Very good, sadly ignored, teen movie of the 1980s.
3 September 2004 | by el_nicksterSee all my reviews

This is a teen comedy from the 1980s, every bit as good as anything made by John Hughes in those days (Breakfast Club, 16 Candles, etc.).

The plot: our hero, Jerry, is assigned by the school newspaper to interview the new kid at school. The new kid, Buddy, is a big thug with an attitude. To make his reputation, Buddy bullies and intimidates Jerry, and tells Jerry that, come three o'clock, he is going to beat him up. Jerry spends the rest of the day trying to get out of participating in the fight.

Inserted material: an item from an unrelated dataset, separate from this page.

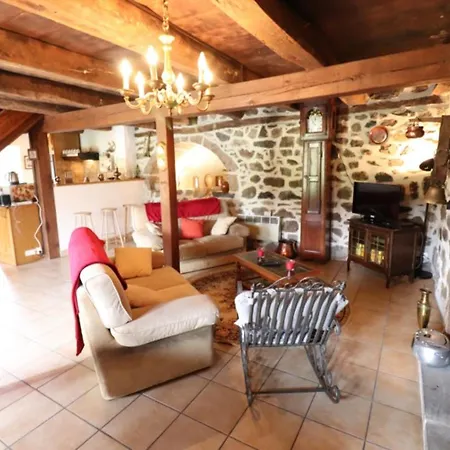 De Caractere Avec Billard, Cheminee, Jardin Clos Et Animaux Acceptes - Fr-1-742-611 度假居 Ydes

The story is full of the usual parodies of teen-aged stereotypes, but they are somehow more believable and human than the characters in most films of this genre. The protagonist, for example, suffers from under-confidence resulting from being hypoglycemic. The story is all about him overcoming his under-confidence (a process we all go through in high school), which is a really common plot in teen movies. What comes through in this film is that *all* of the students are going through the same process. The cool, spooky girl next door turns out not to be so cool, underneath. The hero's buddy tries to help in the struggle, but gets sick of him and abandons him. The villainous tough ends up feeling ashamed of himself. These comic characters stick with you because they are so much like real teenagers: naive, under-confident, and overreaching.